_Problem statement_
Among the entries that follow, locate the line with "Combined shower/bathtub, free" and the line with "Sertisseur et desamorceur". Output those lines and all lines in between, exactly, minus the pictures.

_Provided records_
- - -

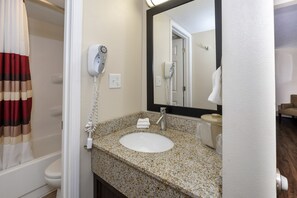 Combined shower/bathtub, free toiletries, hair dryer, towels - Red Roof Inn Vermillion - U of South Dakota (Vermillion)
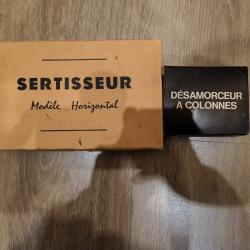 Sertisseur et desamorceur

- - -

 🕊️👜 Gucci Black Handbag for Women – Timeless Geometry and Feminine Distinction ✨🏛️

- - -

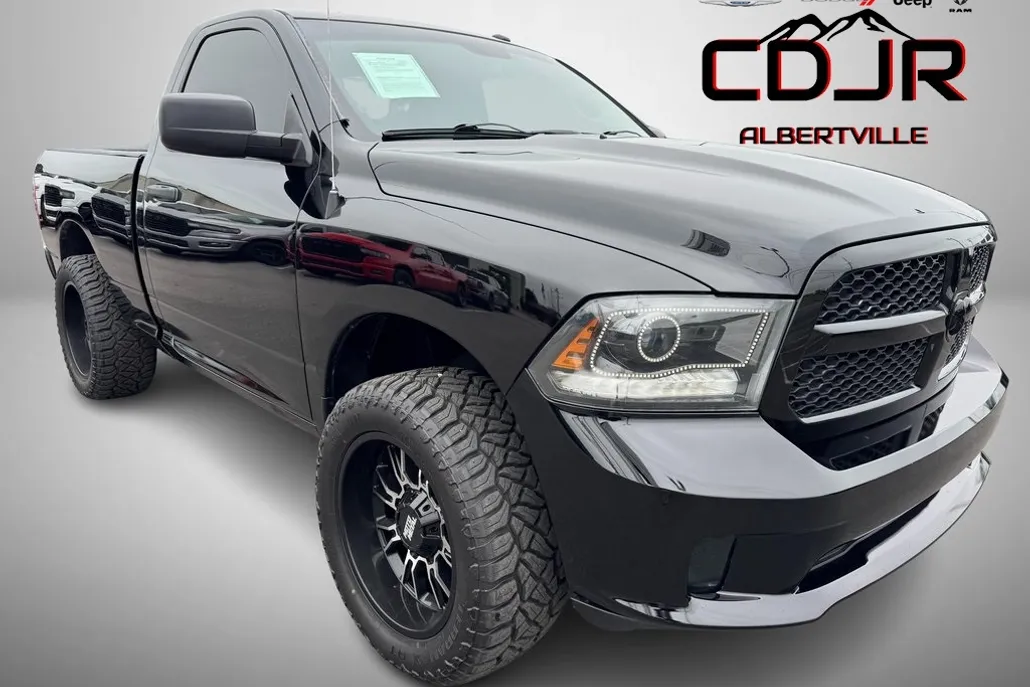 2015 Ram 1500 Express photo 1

- - -

_Expected answer_
 Combined shower/bathtub, free toiletries, hair dryer, towels - Red Roof Inn Vermillion - U of South Dakota (Vermillion)
 Sertisseur et desamorceur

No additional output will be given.